Search code examples
antlr4

Parsing if-then-else takes longer and longer the more clauses that exists


Our formula grammar supports an if-then-else construct. Here is a snippet of the grammar:

parse
 : block EOF
 ;

block
 : statement*
 ;

statement
 : if_statement
 | setfunctions
 | blockcomment
 | comment
 ;

if_statement
 : comment* IF condition_block (ELSE IF condition_block)* (ELSE statement_block)?
 ;

condition_block
 : expression statement_block
 ;

statement_block
 : OBRACE (block | setfunctions*) CBRACE
 ;

setfunctions
 : setsumtags
 | setavgtags
 ;

The formula is by users to set calculated values for tags (objects) in our system.
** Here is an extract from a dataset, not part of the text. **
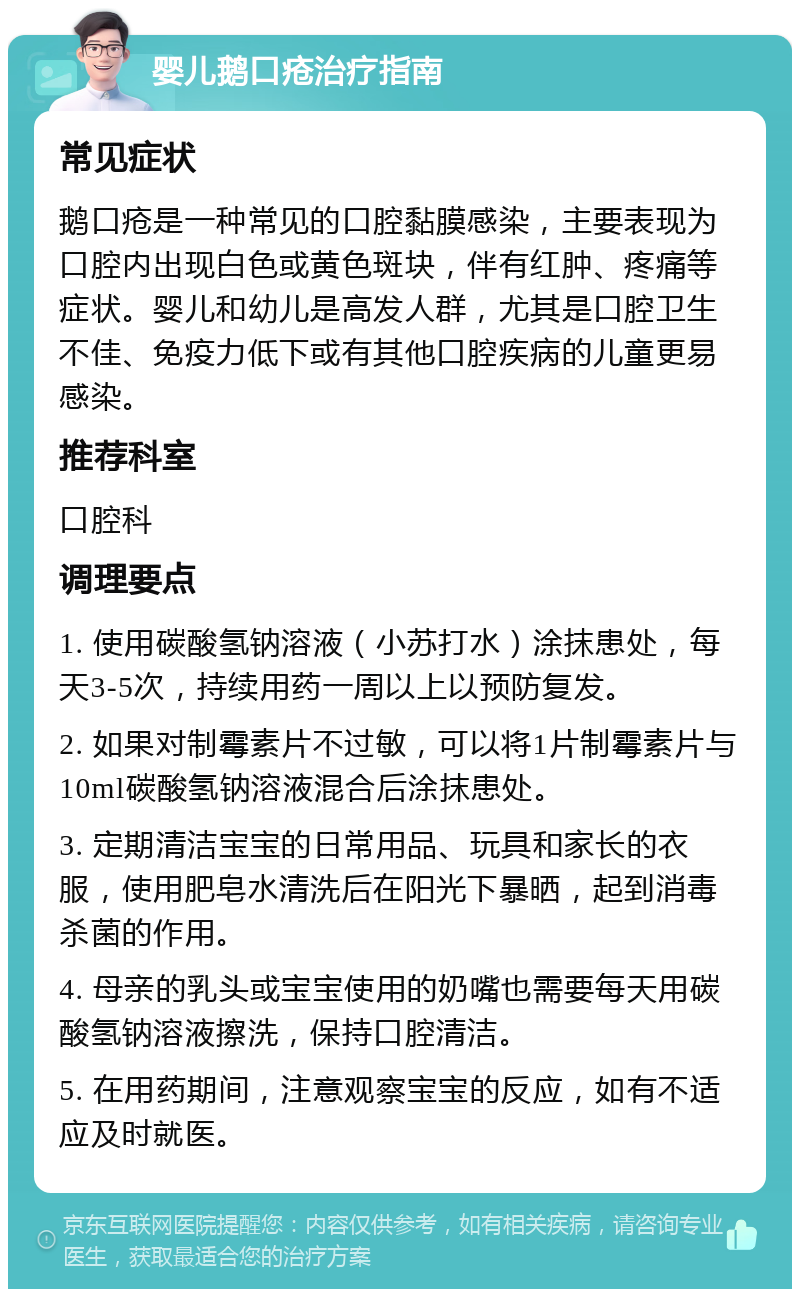 婴儿鹅口疮治疗指南 常见症状 鹅口疮是一种常见的口腔黏膜感染，主要表现为口腔内出现白色或黄色斑块，伴有红肿、疼痛等症状。婴儿和幼儿是高发人群，尤其是口腔卫生不佳、免疫力低下或有其他口腔疾病的儿童更易感染。 推荐科室 口腔科 调理要点 1. 使用碳酸氢钠溶液（小苏打水）涂抹患处，每天3-5次，持续用药一周以上以预防复发。 2. 如果对制霉素片不过敏，可以将1片制霉素片与10ml碳酸氢钠溶液混合后涂抹患处。 3. 定期清洁宝宝的日常用品、玩具和家长的衣服，使用肥皂水清洗后在阳光下暴晒，起到消毒杀菌的作用。 4. 母亲的乳头或宝宝使用的奶嘴也需要每天用碳酸氢钠溶液擦洗，保持口腔清洁。 5. 在用药期间，注意观察宝宝的反应，如有不适应及时就医。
When we evaluate the formula, we do the following:

  1. Create the lexer.
  2. Create the parser.
  3. Create the visitor.
  4. Create the parse tree by calling parse() on the parser.
  5. Call Visit on the visitor with the parse tree.
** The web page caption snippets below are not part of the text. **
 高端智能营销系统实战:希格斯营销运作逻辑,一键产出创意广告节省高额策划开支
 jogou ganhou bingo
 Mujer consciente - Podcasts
I have noticed that the more else-if clauses, the slower step 4 gets.

E.g. creating the parser for a script with

if (....)
{
    SETSUMTAGS(....)
}
else if (....)
{
    SETSUMTAGS(....)
}

is twice as fast as a script with two additional else if. Although I did notice it is not linear (which would make sense) and the reason for the question.

Is that to be expected? Are we doing something wrong?
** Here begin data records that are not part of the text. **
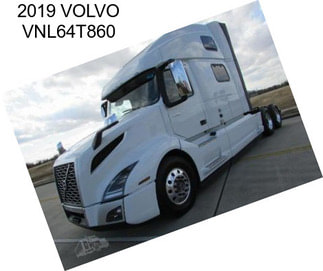 2019 VOLVO VNL64T860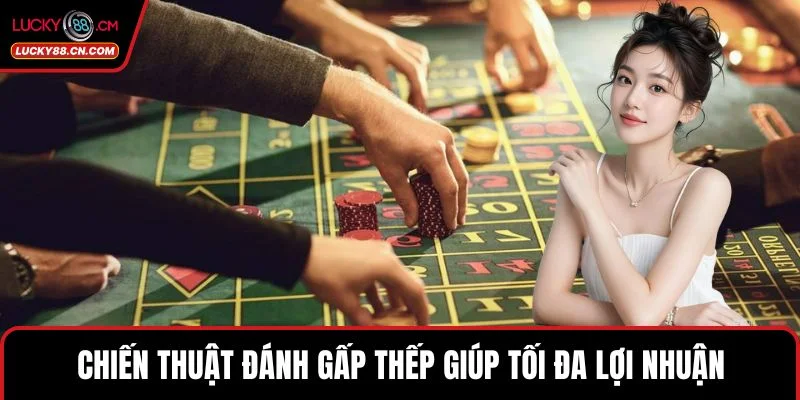 Chiến thuật đánh gấp thếp giúp tối đa lợi nhuận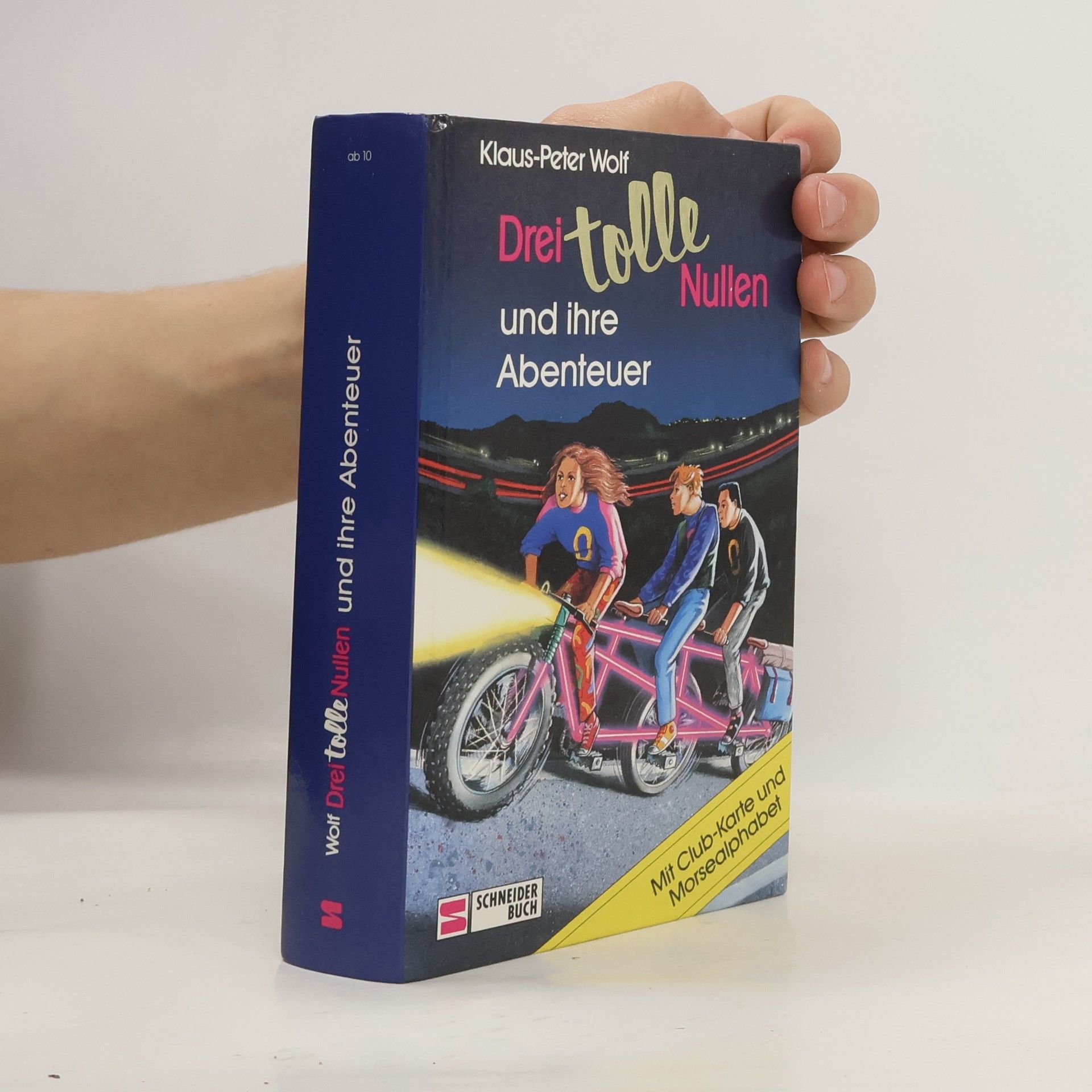 Klaus-Peter Wolf Drei tolle Nullen und ihre Abenteuer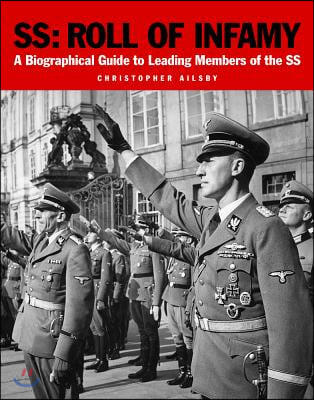 Ss: Roll of Infamy (A Biographical Guide to Leading Members of the Ss)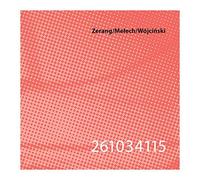 Michael Zerang & Piotr MeĹech & Ksawery WĂljciĹski - Michael Zerang & Piotr MeÄšech & Ksawery WÄljciÄšski: 261034115 [CD]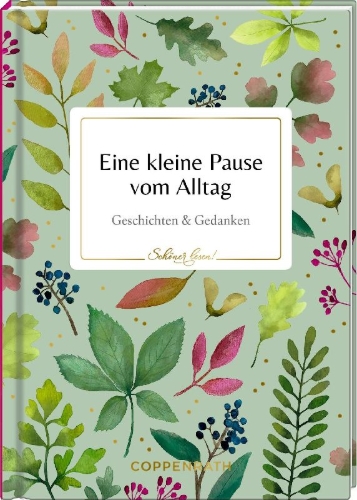 Buchcover und Innenansicht für das Buch: Eine kleine Pause vom Alltag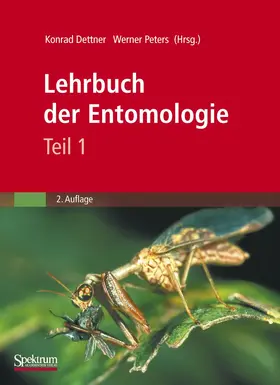 Peters / Dettner |  Lehrbuch der Entomologie | Buch |  Sack Fachmedien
This affects our system startup time, and we have 100s or even 1000s of formulas that need evaluating.

If this is to be expected, is there a way to save/load a precompiled version of the parse tree? We could then save the compiled version at script creation time, and load it at run-time.


Solution

  • We ended up using a caching scheme so that all tags with the same script share the same parser, lexer and visitor.